何度チャレンジしても、うまくいかない理由

自分の限界を超えてチャレンジしているが、なぜか失敗ばかりしている人がいると思います。

写真=iStock.com/tommaso79

どうすれば成功できるのかを知るためには、常に自分と対話をしながら自己確認することも、重要になってきます。

「何度チャレンジしても、うまくいかない……」

そんな経験は、誰にでもあるのではないでしょうか。

もしかしたら、自分自身を客観視する能力が低いのかもしれません。

自分自身を客観視する能力のことを、「メタ認知」といいます。

このメタ認知能力を上げていくことで、脳リミットをはずせるようになってきます。

私はよく、このメタ認知を「鏡に映る自分をどう認識できているか」という言葉を用いて説明しています。

もっとわかりやすくいえば、自分の現状をあたかも外から見ているかのように客観的に観察する能力ということです。

自分の限界を超えて大きなことを成し遂げられる人は、ほぼ例外なくメタ認知能力が高く、感情に振り回されずに現実の自分と理想の自分のギャップを冷静に把握し、自分の欠点や課題を見いだすことができる人なのです。

メタ認知能力が高い人・低い人

では、メタ認知能力が高い人と低い人では、いったいどれほどの差が生まれてしまうのでしょうか。

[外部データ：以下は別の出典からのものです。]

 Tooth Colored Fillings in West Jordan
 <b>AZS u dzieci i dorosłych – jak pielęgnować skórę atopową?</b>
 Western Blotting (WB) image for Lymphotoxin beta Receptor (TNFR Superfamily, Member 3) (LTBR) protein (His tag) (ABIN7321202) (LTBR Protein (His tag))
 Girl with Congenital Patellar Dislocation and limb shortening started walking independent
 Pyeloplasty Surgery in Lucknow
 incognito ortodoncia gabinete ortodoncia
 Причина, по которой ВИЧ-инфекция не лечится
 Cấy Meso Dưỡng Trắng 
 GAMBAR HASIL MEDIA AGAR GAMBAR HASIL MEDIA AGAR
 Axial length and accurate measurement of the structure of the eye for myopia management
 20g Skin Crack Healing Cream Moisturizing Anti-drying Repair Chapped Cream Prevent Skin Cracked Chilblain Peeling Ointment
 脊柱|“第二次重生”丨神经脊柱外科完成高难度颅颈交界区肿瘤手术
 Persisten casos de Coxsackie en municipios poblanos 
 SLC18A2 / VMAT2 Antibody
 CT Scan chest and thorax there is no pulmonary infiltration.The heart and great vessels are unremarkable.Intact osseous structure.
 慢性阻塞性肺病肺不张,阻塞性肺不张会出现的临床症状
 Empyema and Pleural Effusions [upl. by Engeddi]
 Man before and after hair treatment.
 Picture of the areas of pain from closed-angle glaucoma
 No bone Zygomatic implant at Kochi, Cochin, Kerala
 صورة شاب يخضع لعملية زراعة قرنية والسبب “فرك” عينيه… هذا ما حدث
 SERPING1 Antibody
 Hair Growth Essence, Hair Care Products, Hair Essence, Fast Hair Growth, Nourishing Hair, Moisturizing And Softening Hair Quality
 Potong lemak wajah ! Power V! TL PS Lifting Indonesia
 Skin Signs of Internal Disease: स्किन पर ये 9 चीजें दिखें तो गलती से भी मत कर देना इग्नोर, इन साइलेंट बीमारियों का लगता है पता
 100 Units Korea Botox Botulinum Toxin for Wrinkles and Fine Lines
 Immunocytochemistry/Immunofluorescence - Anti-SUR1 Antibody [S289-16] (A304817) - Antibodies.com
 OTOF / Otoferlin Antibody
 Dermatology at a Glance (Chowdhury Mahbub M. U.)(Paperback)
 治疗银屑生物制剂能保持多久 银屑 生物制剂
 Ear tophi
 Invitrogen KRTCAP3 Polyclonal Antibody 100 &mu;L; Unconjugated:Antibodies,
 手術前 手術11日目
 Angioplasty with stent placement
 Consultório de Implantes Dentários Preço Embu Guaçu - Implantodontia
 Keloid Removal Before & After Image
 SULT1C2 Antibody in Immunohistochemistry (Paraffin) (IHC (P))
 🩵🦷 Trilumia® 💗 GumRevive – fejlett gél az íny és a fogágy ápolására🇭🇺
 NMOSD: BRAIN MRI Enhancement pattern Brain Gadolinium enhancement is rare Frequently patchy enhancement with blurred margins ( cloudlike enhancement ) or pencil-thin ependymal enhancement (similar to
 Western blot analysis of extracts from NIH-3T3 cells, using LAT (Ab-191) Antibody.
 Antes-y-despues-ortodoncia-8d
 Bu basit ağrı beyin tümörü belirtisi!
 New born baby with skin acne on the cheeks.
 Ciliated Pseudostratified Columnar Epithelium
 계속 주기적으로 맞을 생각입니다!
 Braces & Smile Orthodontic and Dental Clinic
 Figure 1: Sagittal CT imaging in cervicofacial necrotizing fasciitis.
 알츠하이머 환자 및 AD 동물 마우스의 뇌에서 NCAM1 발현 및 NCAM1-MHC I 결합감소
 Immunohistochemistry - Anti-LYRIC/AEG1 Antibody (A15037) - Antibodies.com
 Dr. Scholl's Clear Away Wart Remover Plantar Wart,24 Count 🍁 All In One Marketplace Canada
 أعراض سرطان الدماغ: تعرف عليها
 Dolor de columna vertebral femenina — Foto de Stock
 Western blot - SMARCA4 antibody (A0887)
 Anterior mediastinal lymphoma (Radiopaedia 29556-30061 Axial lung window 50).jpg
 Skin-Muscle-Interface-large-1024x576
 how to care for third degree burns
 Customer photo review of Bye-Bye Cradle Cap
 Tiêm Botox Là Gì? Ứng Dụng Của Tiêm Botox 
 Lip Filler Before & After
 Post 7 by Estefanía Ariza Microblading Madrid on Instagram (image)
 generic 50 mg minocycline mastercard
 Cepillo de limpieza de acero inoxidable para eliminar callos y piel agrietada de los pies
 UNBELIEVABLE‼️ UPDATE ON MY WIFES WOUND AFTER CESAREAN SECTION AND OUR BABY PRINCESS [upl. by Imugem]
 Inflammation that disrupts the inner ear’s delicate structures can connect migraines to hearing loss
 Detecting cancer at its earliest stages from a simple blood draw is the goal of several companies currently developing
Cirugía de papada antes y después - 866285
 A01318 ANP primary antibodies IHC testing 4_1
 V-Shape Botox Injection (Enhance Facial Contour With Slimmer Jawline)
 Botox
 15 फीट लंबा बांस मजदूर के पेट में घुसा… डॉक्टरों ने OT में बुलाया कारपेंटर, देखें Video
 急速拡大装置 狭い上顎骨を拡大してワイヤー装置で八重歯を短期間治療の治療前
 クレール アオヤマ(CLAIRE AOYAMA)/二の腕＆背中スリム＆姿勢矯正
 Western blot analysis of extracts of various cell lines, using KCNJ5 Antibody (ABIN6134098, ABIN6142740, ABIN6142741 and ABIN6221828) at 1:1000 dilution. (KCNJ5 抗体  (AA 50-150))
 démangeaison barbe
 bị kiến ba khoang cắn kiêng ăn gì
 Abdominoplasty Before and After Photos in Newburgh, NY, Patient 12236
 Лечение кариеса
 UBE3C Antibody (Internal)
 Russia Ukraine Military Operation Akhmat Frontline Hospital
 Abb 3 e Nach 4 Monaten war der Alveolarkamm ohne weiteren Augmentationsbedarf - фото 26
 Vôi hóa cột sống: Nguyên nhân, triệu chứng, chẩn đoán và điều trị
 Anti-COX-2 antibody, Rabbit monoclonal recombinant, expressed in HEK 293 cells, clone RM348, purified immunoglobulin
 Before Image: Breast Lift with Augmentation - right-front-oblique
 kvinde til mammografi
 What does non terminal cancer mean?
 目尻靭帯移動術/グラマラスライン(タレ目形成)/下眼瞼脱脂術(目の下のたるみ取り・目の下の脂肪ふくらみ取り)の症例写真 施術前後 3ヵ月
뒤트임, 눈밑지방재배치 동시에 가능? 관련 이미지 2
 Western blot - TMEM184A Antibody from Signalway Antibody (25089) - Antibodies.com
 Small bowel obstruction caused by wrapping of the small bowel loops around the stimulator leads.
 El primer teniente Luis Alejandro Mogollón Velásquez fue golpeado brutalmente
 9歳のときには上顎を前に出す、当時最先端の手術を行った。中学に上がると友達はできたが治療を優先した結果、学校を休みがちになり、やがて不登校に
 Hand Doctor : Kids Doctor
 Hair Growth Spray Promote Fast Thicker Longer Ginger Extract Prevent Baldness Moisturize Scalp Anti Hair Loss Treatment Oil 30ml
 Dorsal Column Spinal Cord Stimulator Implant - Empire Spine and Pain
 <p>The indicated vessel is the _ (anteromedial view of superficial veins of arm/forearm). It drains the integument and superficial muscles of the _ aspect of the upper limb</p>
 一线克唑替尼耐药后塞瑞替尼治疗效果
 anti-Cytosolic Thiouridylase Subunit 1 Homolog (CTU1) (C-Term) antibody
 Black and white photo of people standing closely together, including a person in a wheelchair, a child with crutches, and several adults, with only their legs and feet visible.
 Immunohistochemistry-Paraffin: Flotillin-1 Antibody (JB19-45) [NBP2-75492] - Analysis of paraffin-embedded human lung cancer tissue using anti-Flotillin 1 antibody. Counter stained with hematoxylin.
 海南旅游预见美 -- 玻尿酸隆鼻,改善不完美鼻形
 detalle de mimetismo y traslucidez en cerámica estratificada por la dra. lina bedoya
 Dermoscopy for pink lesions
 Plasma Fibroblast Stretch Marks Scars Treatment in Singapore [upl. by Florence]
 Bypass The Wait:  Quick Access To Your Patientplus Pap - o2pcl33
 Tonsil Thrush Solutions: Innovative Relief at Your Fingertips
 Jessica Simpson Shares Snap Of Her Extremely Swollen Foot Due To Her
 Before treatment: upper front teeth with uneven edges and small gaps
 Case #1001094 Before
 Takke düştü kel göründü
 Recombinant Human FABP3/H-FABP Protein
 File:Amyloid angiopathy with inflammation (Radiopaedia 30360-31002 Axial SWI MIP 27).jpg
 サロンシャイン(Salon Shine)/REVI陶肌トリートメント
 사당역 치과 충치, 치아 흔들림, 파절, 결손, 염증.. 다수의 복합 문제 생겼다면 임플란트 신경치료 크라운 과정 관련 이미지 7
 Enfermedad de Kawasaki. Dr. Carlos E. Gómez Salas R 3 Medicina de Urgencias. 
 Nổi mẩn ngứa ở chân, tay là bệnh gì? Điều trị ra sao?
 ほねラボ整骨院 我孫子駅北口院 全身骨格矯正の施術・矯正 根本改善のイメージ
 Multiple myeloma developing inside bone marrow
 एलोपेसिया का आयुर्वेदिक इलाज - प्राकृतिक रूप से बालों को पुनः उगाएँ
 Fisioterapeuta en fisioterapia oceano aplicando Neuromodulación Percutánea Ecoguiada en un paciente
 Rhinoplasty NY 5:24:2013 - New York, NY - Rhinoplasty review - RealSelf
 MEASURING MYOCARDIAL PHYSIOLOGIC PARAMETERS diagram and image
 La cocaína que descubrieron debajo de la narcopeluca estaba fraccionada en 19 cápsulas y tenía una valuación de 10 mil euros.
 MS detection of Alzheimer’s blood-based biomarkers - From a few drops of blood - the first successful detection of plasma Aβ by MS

メタ認知能力が高い人には、以下のような3つの特徴が挙げられます。

(1)客観的な視点で自分に可能かどうかを判断できる
(2)自分に足りない能力を見極められる
(3)自分の失敗を肯定でき、反省と改善を実践できる

このように、自分自身をしっかりと客観視できる人が、メタ認知能力が高い人です。

一方で、メタ認知能力が低い人の特徴として挙げられるのは、「自分の能力を冷静に把握できない」ということになります。

言いかえれば、自分の意見や考えていることは常に正しく、自分には間違いはないと疑わない、自己中心的な考え方の持ち主です。

自分の能力をついつい過大評価してしまう場合や、それを裏付ける確固たる根拠に乏しい場合もこれに該当します。

自分の能力に対する認識と現実にずれが生じているときでも、自分を客観視できないので、たとえ何かにチャレンジして失敗しても、そこから成功するための軌道修正がうまくいきません。